Segala puji bagi Allah, Rabb semesta alam (QS. Al-Fatihah :2)

Al Qur’an as-sab’ah (tujuh ahli qiro’ah) membacanya dengan memberi harakat dhommah pada huruf dal padal kalimat alhamdulillah, yang merupakan mubtada (subjetk) dan khabar (predikat).
Abu Ja’far bin Jarir mengatakan : al-hamdulillah berarti syukur kepada Allah Subhana wata’ala dan bukan kepada sesembahan selanin-Nya, bukan juga kepada mahluk yang telah diciptakannya, atas segala nikmat yang telah Dia anugerahkan kepada hamba-hamba-Nya yang tidak terhingga jumlahnya, dan tidak seorang pun selain Dia yang mengetahui jumlahnya. Berupa kemudahan berbagai sarana untuk menta’ati-Nya dan anugerah kekuatan fisik agar dapat menunaikan kewajiban-kewajiban-Nya. Selain itu, pemberian rizki kepada mereka di dunia serta pelimpahan berbagai nikmat dalam kehidupan yang sama sekali mereka tidak memiliki hak atas hal itu, juga sebagai peringatan dan seruan kepada mereka akan sebab-sebab yang dapat membawa kepada kelanggengan hidup di surga tempat segala kenikmatan abadi. Hanya bagi Allah segala puji baik di awal maupun di akhir.

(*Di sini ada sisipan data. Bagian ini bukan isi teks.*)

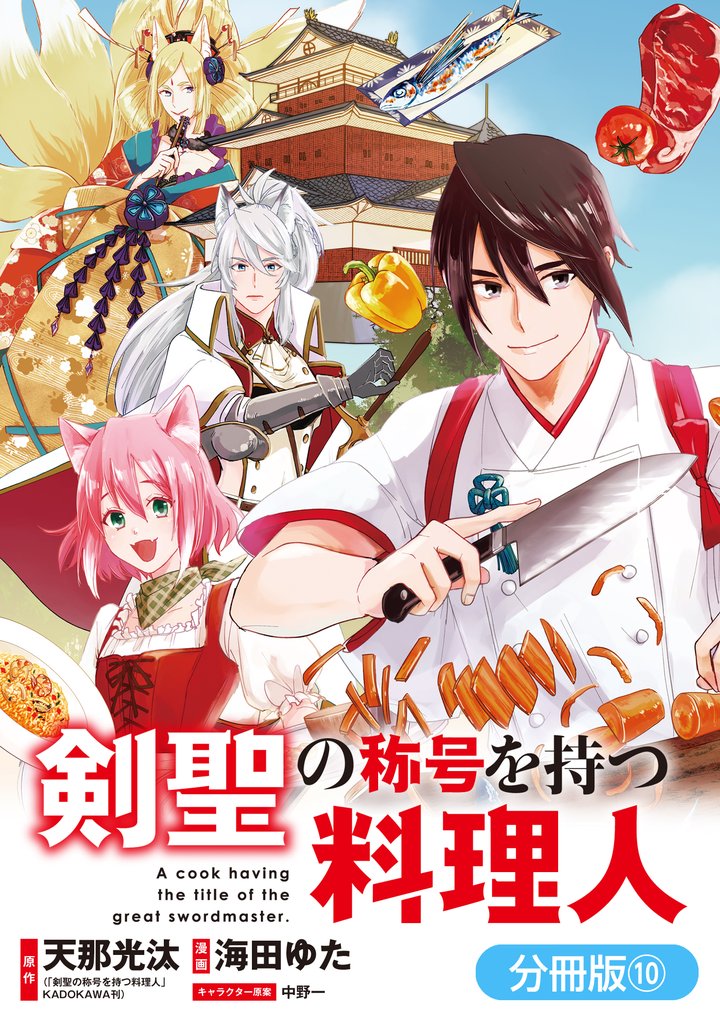 【期間限定　無料お試し版】剣聖の称号を持つ料理人【分冊版】 10巻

Ibu Jarir mengatakan “Alhamdulillan merupakan pujian yang disampaikan Allah untuk diri-Nya. Didalamnya terkandung perintah kepada hamba-hamban-Nya agar mereka memuji-Nya. Seolah-olah Dia mengatakan “Ucapkanlah, Alhamdulillah”.
Lebih lanjut Ibnu Jarir menyebutkan “Telah dikenal dikalangan para ulama muta-akhhirin, bahwa al-Hamdu adalah pujian melalui ucapan kepada yang berhak mendapatkan pujian disertai penyebutan segala sifat-sifat baik yang berkenaan dengan dirinya maupun berkenaan dengan pihak lain. Adapun Asy Syakru tiada lain kecuali dilakukan terhadap sifat-sifat yang berkenaan dengan selainnya, yang disampaikan melalui hati, lisan, dan anggota badan.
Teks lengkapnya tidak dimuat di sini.